━━━ Input data ━━━
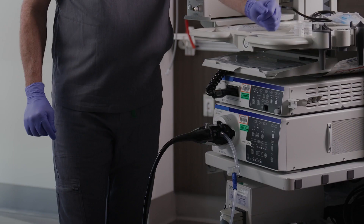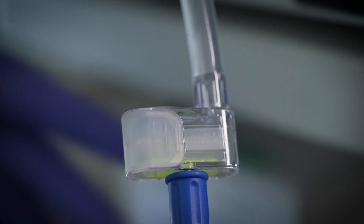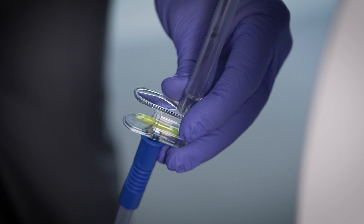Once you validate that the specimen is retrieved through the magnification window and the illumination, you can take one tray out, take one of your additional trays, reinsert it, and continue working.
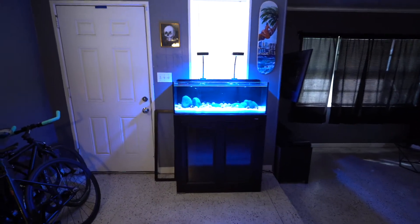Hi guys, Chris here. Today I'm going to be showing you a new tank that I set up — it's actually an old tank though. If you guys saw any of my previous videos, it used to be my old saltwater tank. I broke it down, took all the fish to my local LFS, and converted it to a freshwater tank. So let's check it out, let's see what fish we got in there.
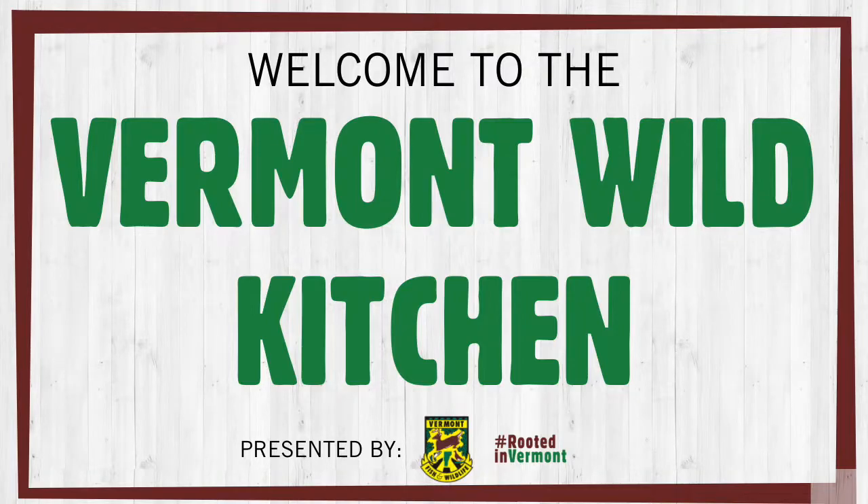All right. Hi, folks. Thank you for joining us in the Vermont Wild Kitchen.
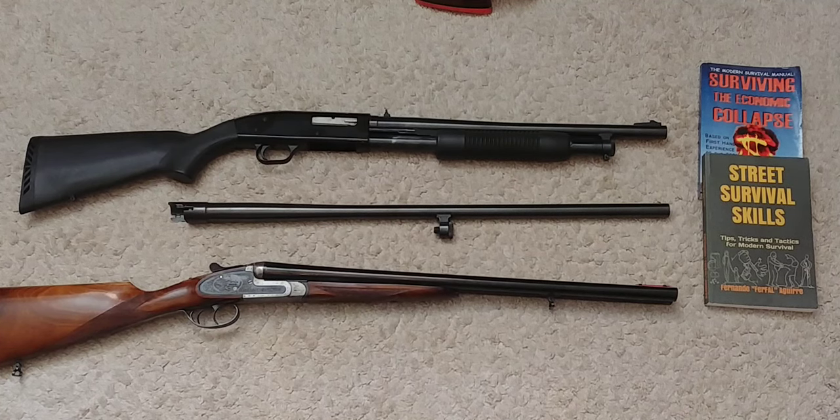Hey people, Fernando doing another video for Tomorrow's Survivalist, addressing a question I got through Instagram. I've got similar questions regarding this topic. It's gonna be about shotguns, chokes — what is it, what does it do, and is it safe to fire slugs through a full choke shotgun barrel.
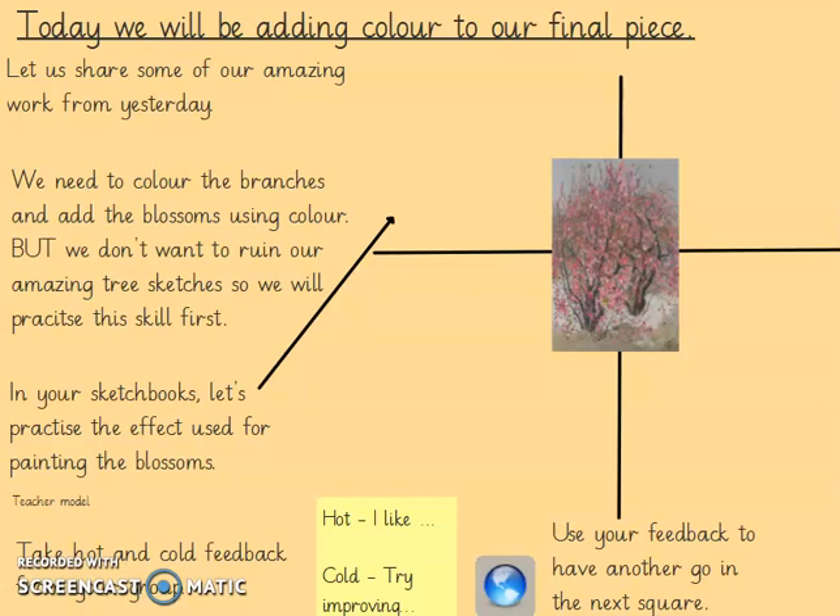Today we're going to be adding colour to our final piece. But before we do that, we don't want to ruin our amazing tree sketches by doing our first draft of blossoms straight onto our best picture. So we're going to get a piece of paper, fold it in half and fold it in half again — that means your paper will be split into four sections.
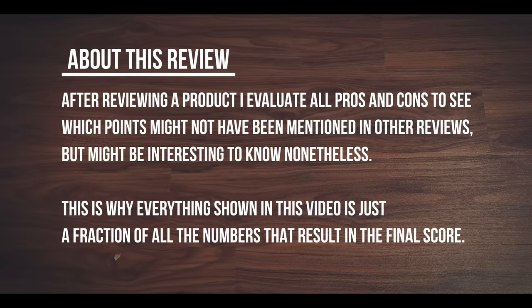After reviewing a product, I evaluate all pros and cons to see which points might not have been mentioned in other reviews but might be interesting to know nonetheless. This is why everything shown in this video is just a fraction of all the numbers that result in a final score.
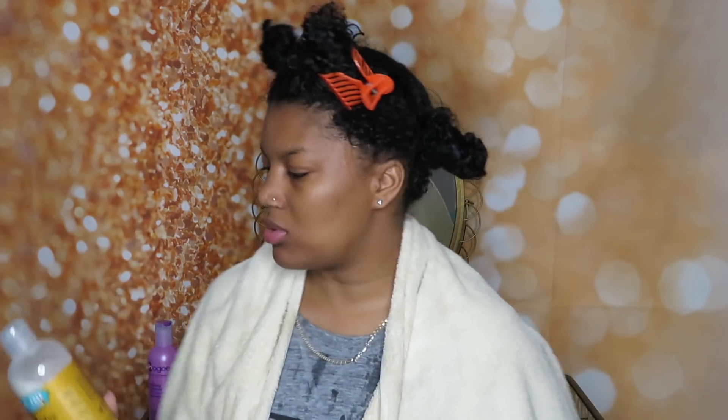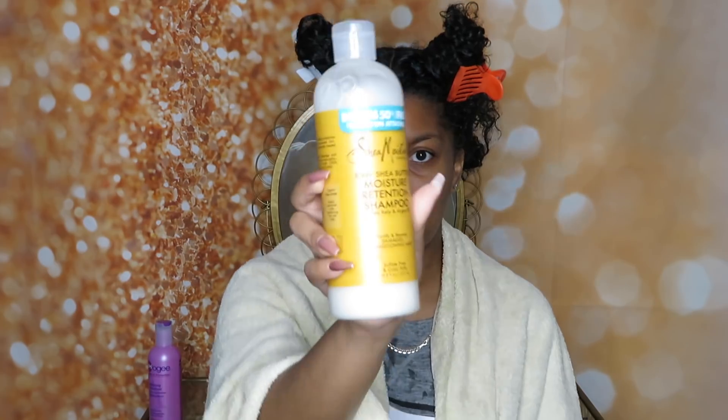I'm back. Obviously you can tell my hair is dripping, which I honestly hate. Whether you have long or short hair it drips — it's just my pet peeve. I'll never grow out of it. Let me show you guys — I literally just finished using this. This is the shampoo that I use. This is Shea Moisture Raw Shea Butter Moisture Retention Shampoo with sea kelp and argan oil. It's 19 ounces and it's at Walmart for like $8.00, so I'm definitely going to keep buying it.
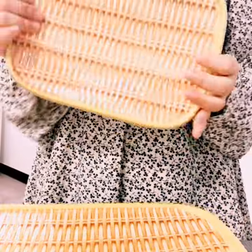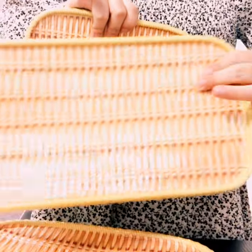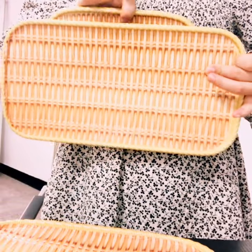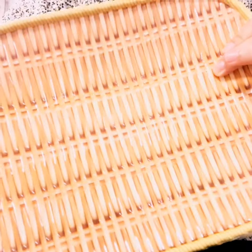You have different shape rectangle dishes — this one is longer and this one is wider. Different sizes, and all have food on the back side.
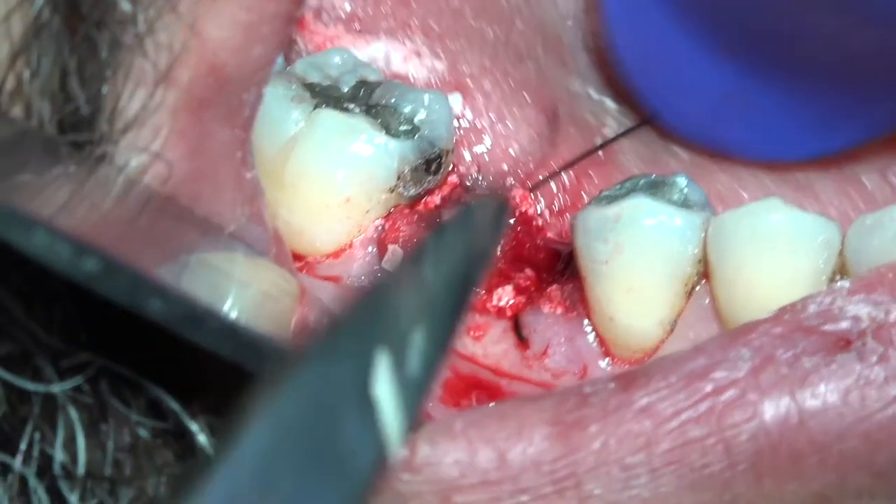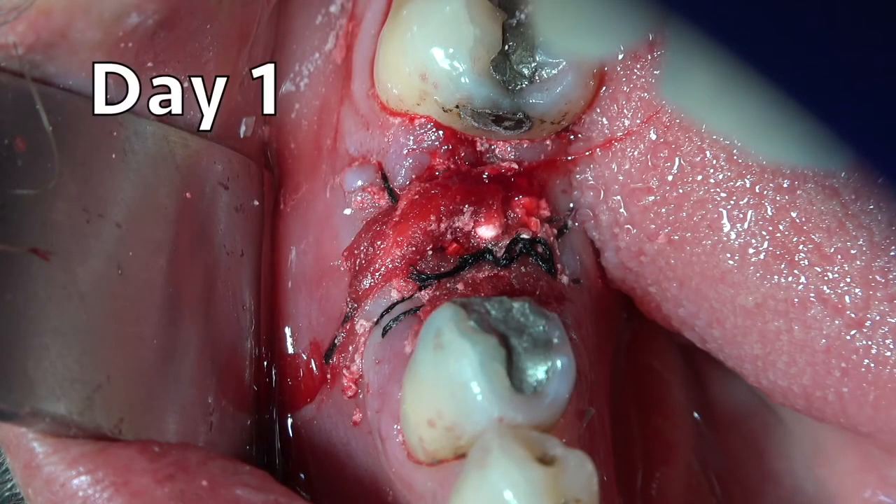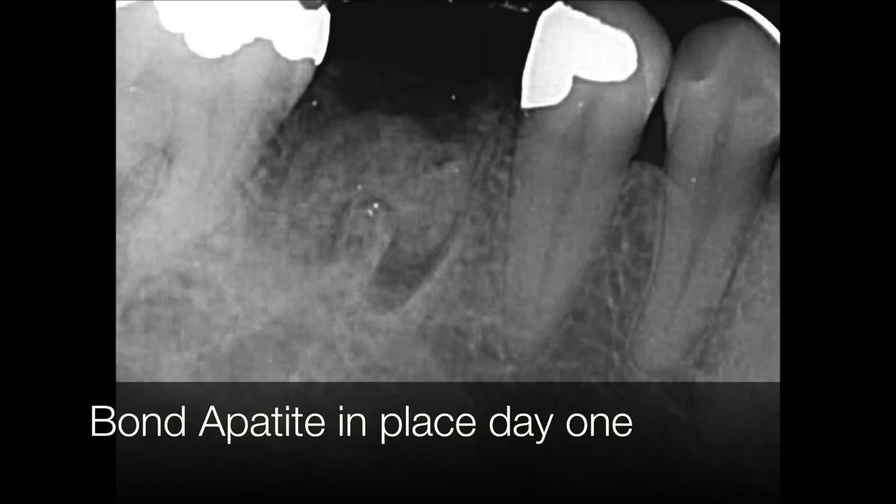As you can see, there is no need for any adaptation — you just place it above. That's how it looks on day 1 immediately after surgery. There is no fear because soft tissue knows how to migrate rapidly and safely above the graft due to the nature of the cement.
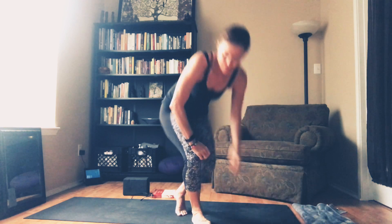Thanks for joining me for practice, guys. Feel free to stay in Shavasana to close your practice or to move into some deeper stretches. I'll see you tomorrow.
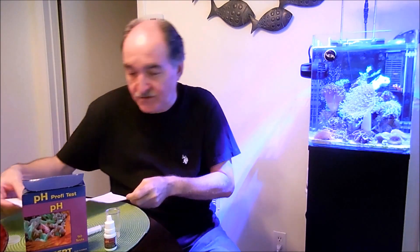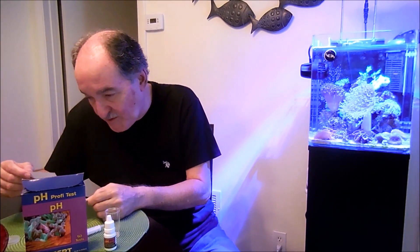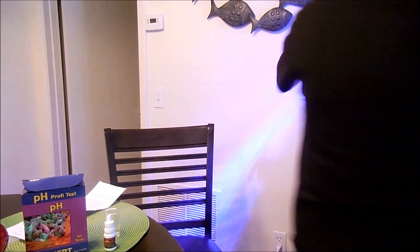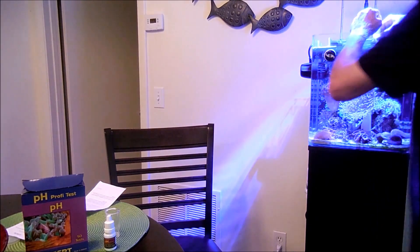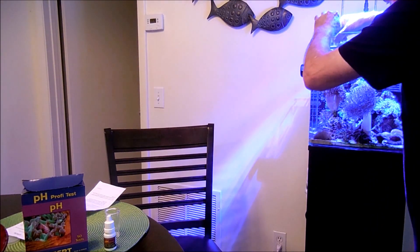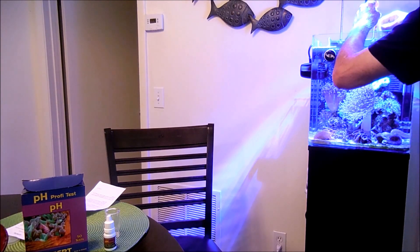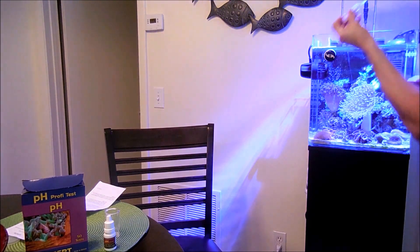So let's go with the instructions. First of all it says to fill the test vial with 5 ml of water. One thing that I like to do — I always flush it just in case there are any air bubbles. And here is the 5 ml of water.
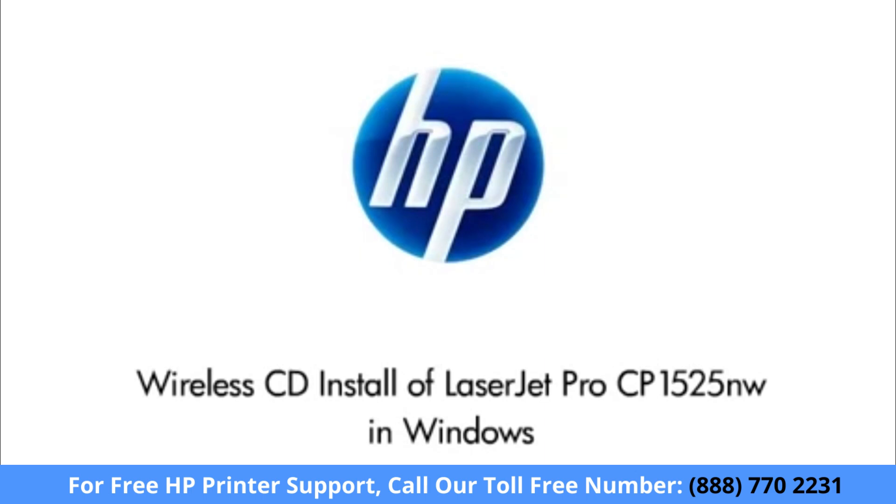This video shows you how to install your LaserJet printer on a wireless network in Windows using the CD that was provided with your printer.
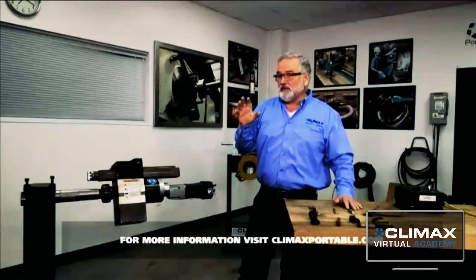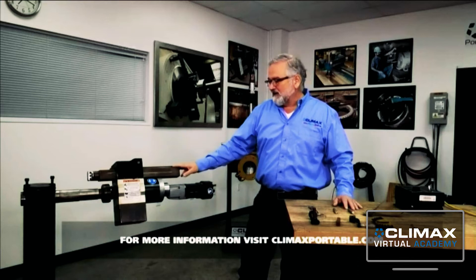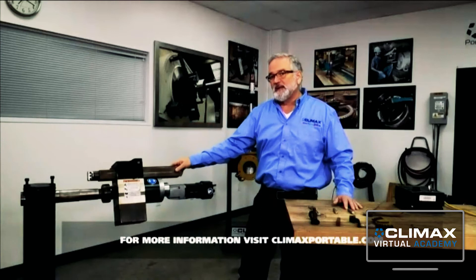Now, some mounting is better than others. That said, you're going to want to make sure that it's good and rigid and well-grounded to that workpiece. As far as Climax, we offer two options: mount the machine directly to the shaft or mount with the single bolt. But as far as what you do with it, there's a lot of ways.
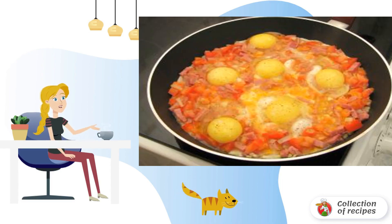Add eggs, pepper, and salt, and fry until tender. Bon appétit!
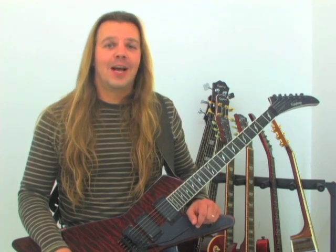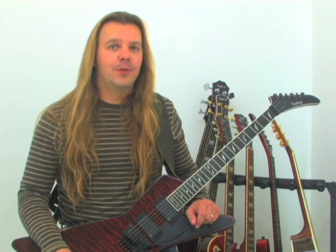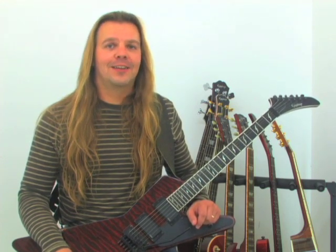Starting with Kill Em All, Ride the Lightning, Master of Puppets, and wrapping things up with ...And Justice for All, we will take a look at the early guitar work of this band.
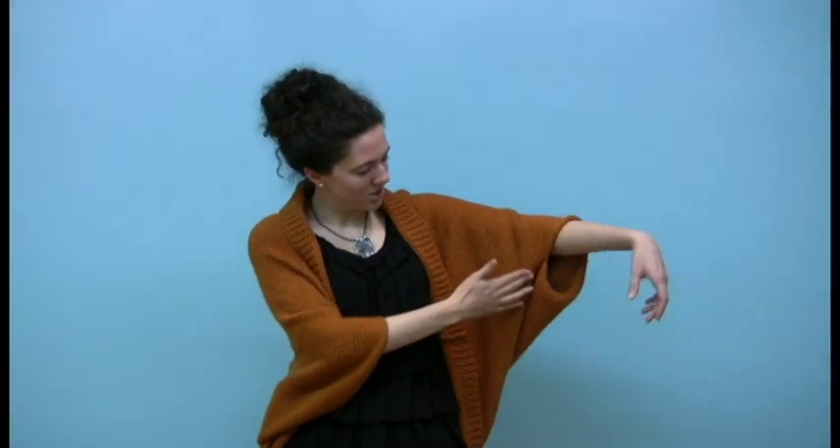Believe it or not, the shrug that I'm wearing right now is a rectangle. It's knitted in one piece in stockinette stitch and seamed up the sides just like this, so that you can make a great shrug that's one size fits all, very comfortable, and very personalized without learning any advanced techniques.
━━━
From the first line of the entries above down to the line holding "All right. Hi, folks.", quote each line exactly and nothing else, skipping pictures.

Your response:
Once you validate that the specimen is retrieved through the magnification window and the illumination, you can take one tray out, take one of your additional trays, reinsert it, and continue working.
Hi guys, Chris here. Today I'm going to be showing you a new tank that I set up — it's actually an old tank though. If you guys saw any of my previous videos, it used to be my old saltwater tank. I broke it down, took all the fish to my local LFS, and converted it to a freshwater tank. So let's check it out, let's see what fish we got in there.
All right. Hi, folks. Thank you for joining us in the Vermont Wild Kitchen.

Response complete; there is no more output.